Medinet Nasr’s rapidly expanding concrete rings trace a particular history of Cairo’s socio-economic and political climate, its uneven droughts and periods of growth. The city’s 1956 urban development master plan channeled direct government involvement into the proposed settlement program. What preceded the development was a non-site (declared retroactively) to the east of Heliopolis, one of Cairo’s chic residential neighborhoods, and claimed for development under that suspiciously useful label of “vacant land.” The quarter’s development began in the 1960s and had already outgrown its original blueprints by 1971, when boundaries were extended to incorporate an additional 14,000 feddans (15,162 acres).1 It continues to expand today with the addition of neighborhoods to the east.

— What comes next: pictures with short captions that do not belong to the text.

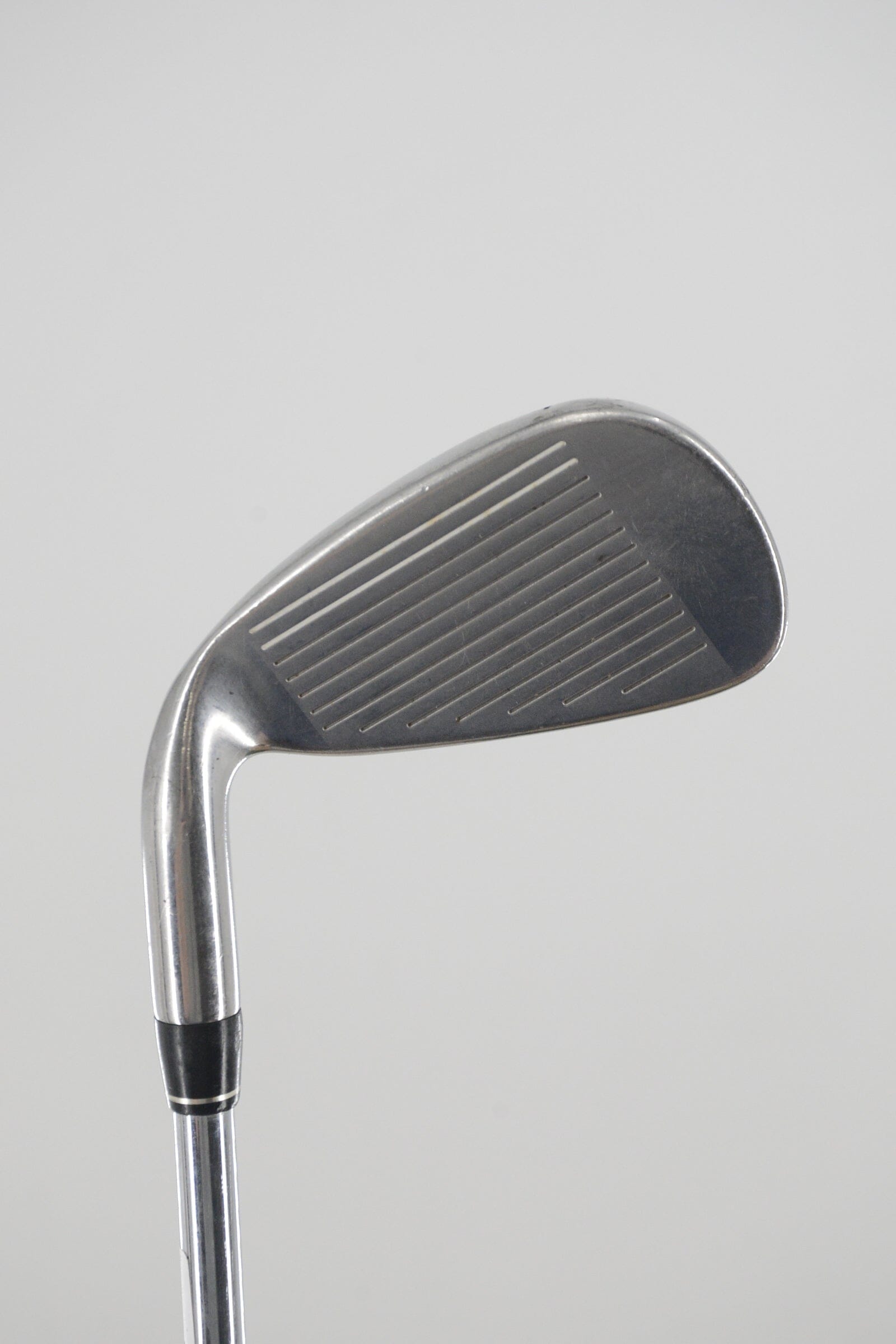 TaylorMade Rac OS 2 Iron S Flex 39.5" Golf Clubs GolfRoots 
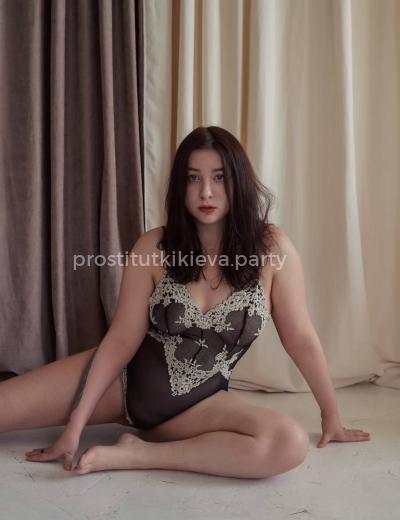 Повія Алиса - Фото 5 №3009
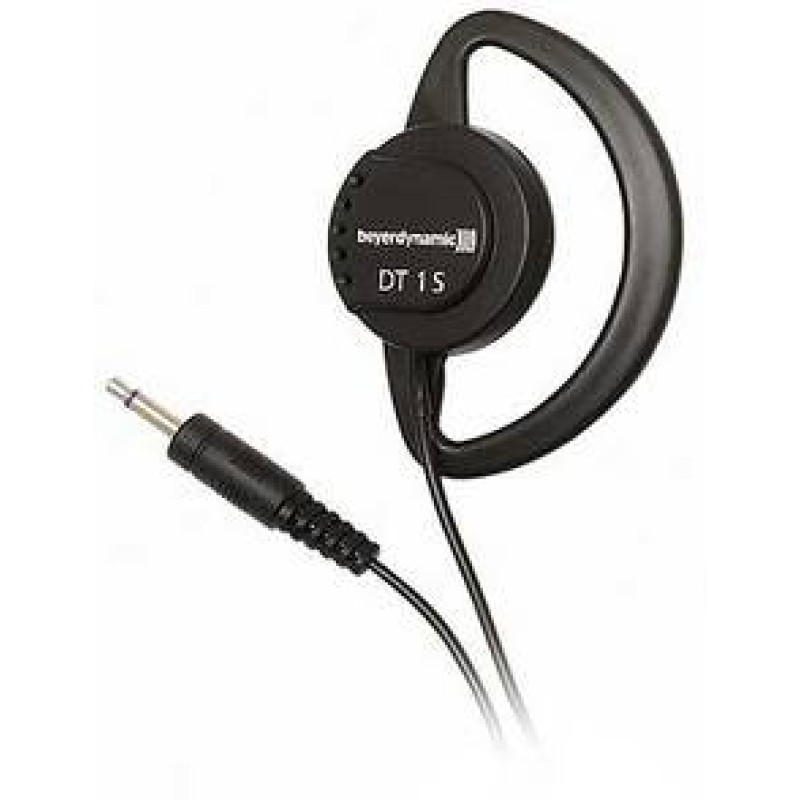 BEYERDYNAMIC DT 1 S 32 Ohm/1.6 m Навушник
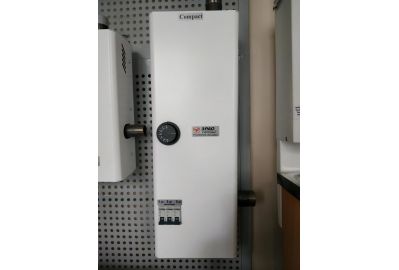 Котел отопления Эрдо ЭВПМ-15 кВт Compact
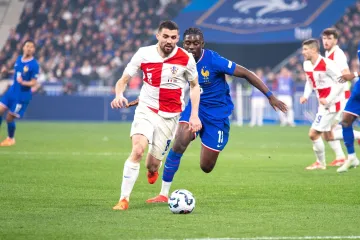 Mateo Kovačić objavom otkrio gdje se nalazi na rehabilitaciji: 'On je Tihi MVP'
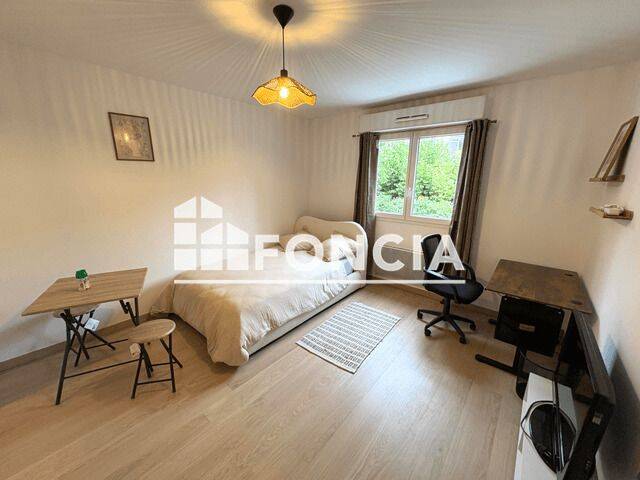 Appartement 1 pièce 22 m² · à Le Havre · 22 m² · 550 €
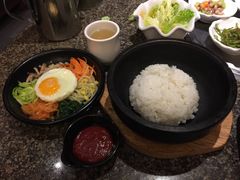 石锅拌饭-韩罗苑(万象城店)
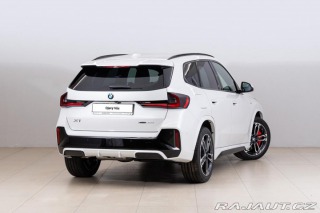 BMW X1 xDrive20d 2025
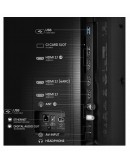 Hisense 75 E7Q Pro, 4K Ultra HD 3840x2160, QLED, Q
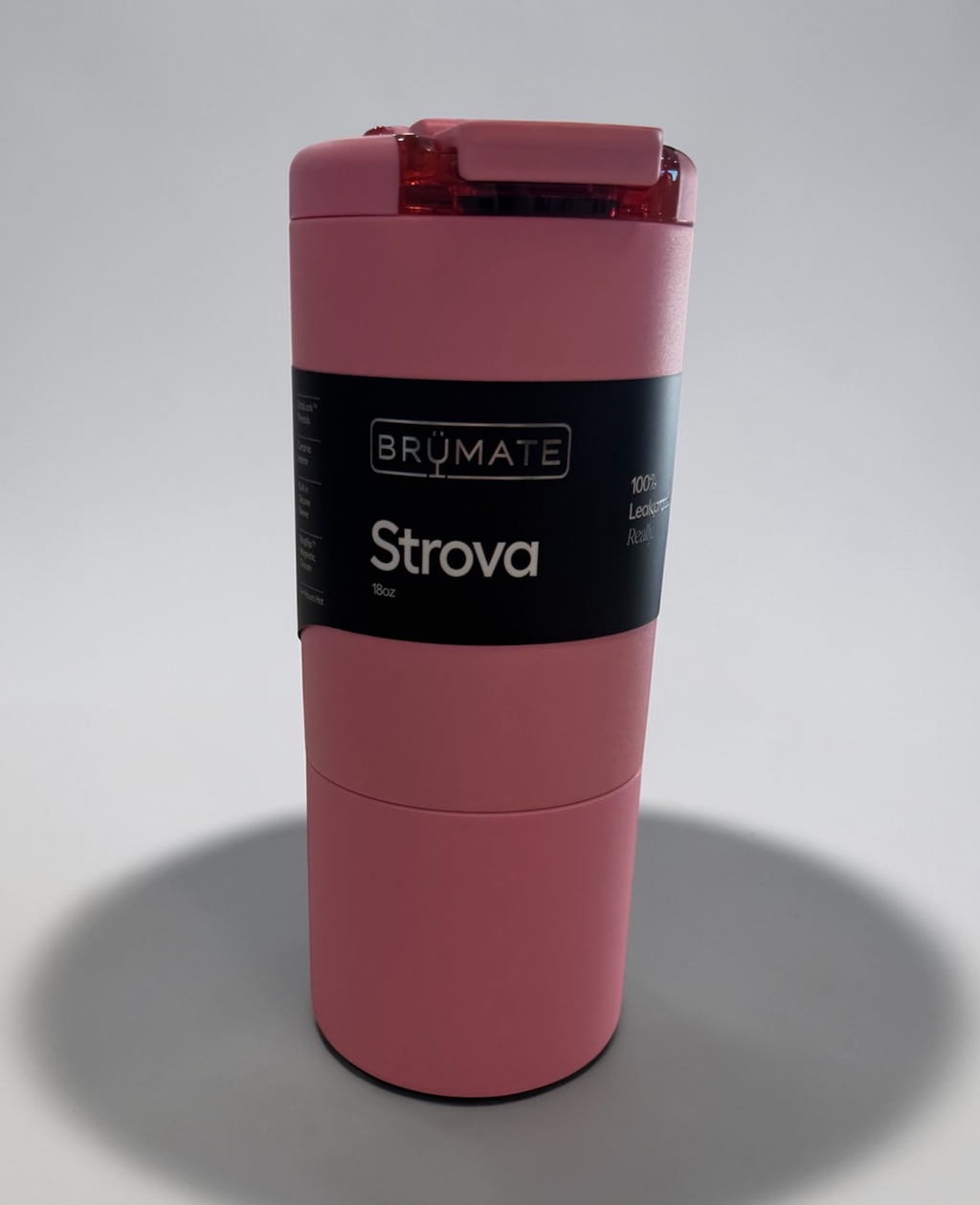 Strova 18oz -Primrose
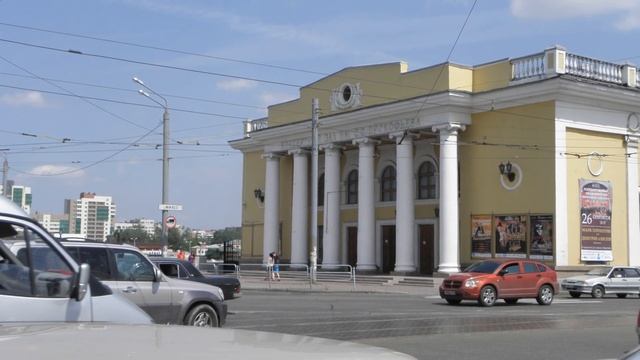 Челябинск мой смотреть онлайн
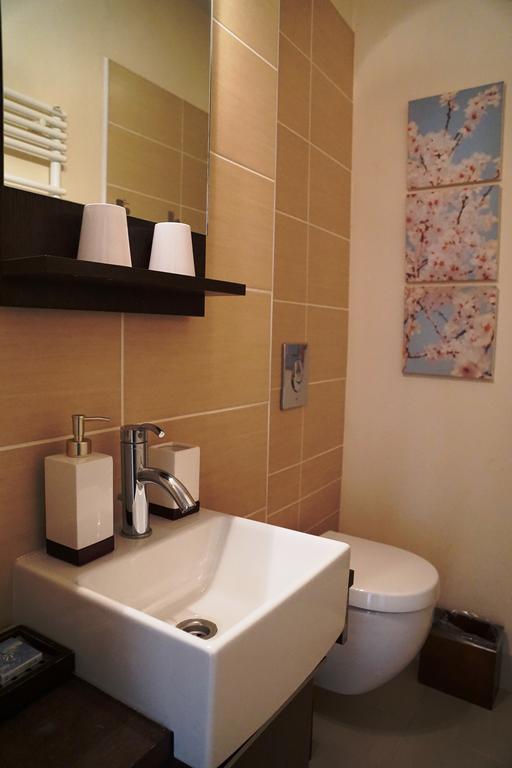 Sous Les Courtines Villa Carcassonne Ngoại thất bức ảnh
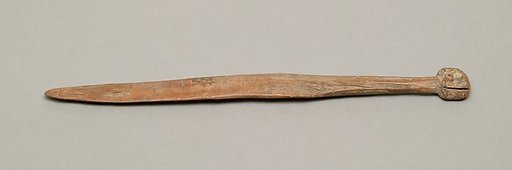 Weaving tool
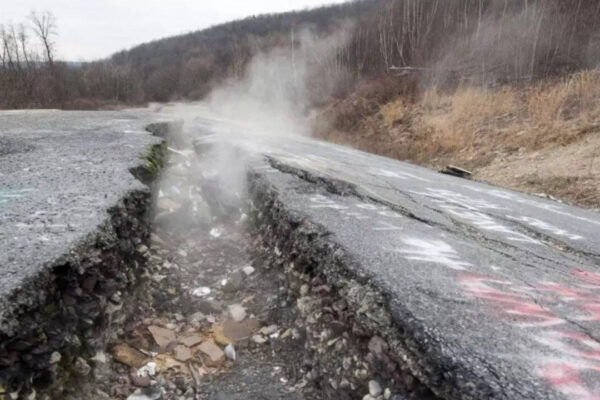America’s burning town is quietly coming back to life after decades of destruction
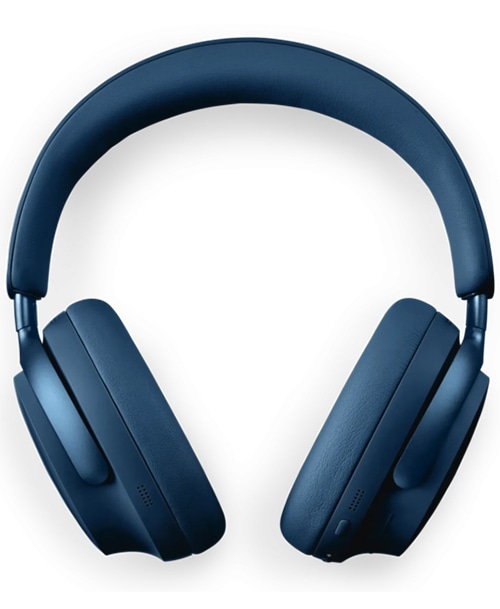 Bose QuietComfort Ultra Headphones Lunar Blue (Синие) — blue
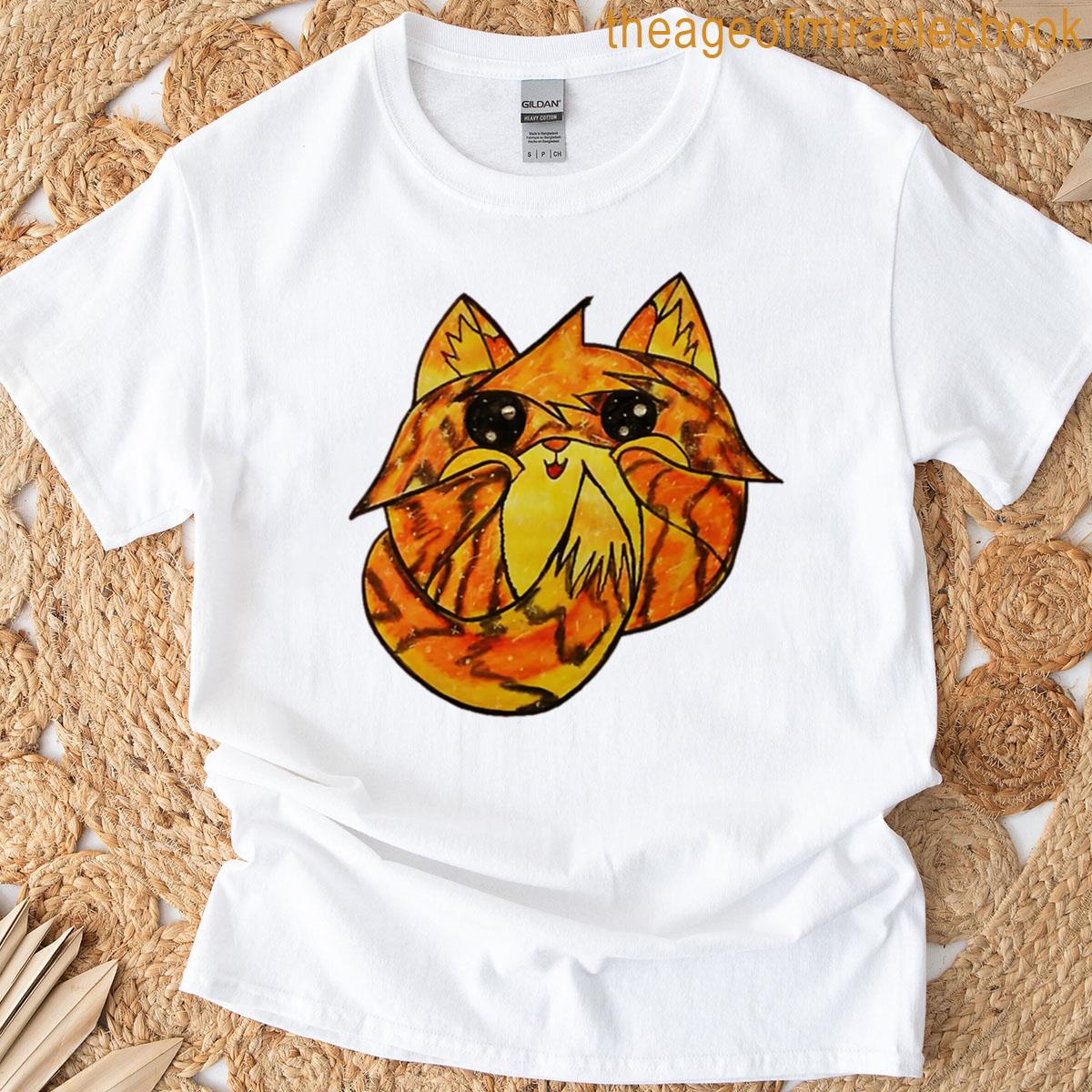 Stardust Dreamer T-shirt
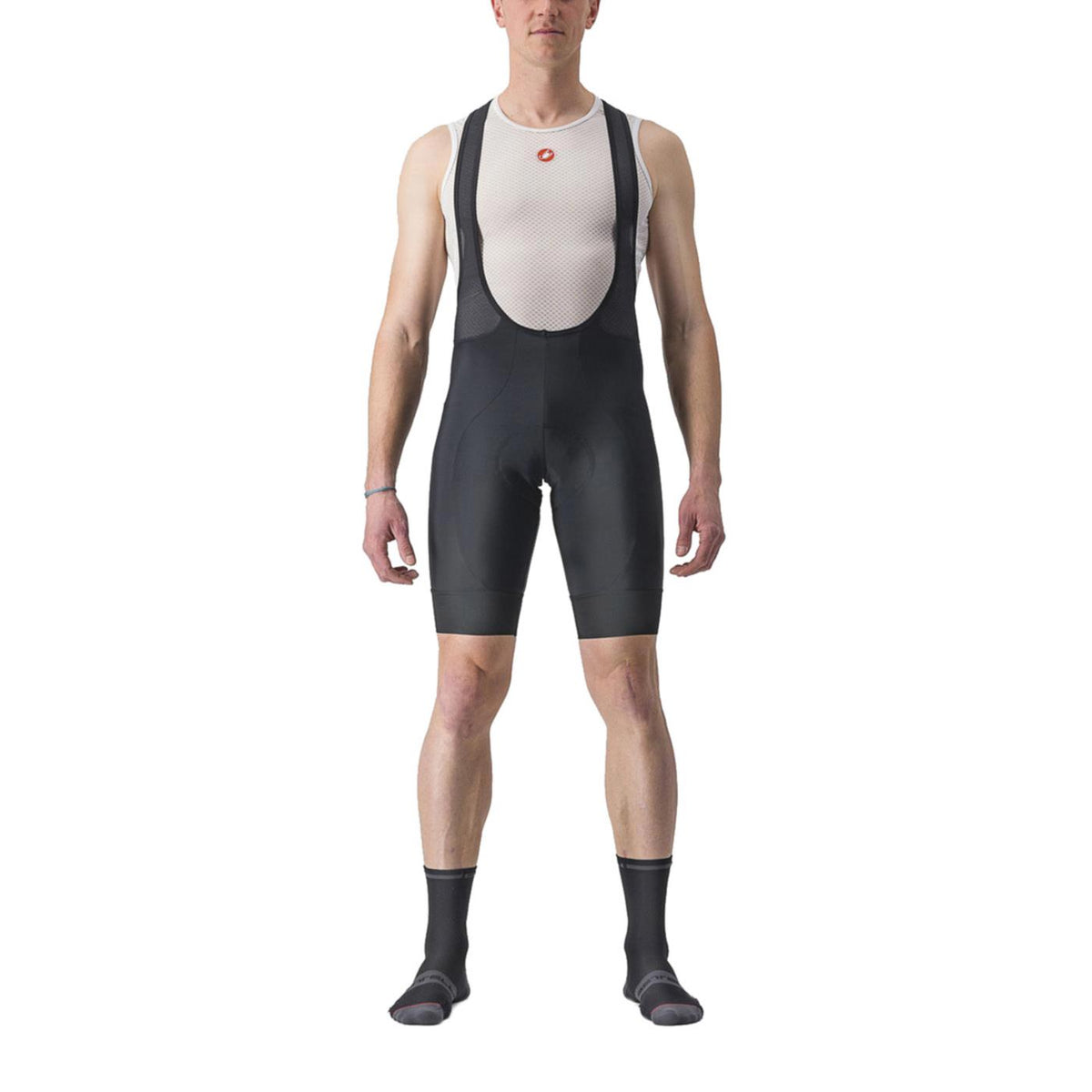 CASTELLI ENTRANCE 2 BIBSHORT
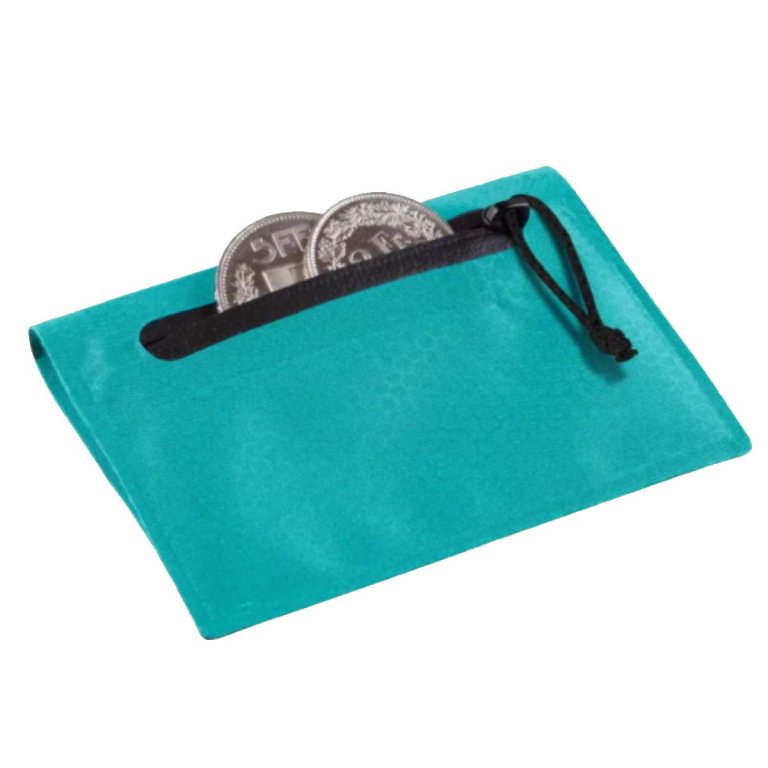 Гаманець Mammut Smart Wallet Ultralight - синій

Medinet Nasr’s unapologetic modernist sprawl seems to insist on the physicality of history, especially the history of a reclaimed and self-determined Egypt that followed the 1952 revolution and the renegotiation of those concepts in following decades. Original housing was constructed by public companies, building and housing cooperatives made low-interest loans readily available, and the area was rapidly settled. The expanding ranks of nationalist-era civil servants and government employees constituted a majority of the area’s first residents. Medinet Nasr became home to a flurry of new ministries and important government institutions such as the National Planning Institute and the Central Agency for Mobilization and Statistics. A newly installed metro line was intended to ensure access to the rest of Cairo.
Shifting dynamics in the international oil market catalyzed the area’s growth. A boom in oil revenues from the early seventies until the late eighties led to an influx of wealth into Saudi Arabia and the Gulf, dramatically changing the region’s economic situation and spurring major development initiatives and widespread investment there. At the same time, more and more people flooded into Cairo from the countryside, as increasingly subdivided agricultural land became less and less sustainable. Many Egyptian men joined the multitudes of foreigners flocking to the oil rich region to work in all sectors and at all economic levels. Their imported income supported a parallel boom in Medinet Nasr real estate and lent the area a particularly Gulf architectural influence and an association with new money.
Most of the area’s current residents live in lowand high-rise modernist style uniform apartment blocks. Individual balconies jut out from every apartment, breaking building facades into three-dimensional, public/private, outdoor/indoor constructions. An almost uniform grayish brown color coats the cement and stuccoed landscape. These are not suburban, one-family, post-World War II cookie-cutter homes that suggest a creepy alienation in superficial homogeneity, nor are they self-contained residence villages with surreal theme park names now popping up on the outskirts of Cairo. While there is a certain anonymity in their size and repetition, the apartment buildings also exhibit the intimacy of shared living space, an intimacy echoed throughout the rest of the central city, one of the densest areas in the world.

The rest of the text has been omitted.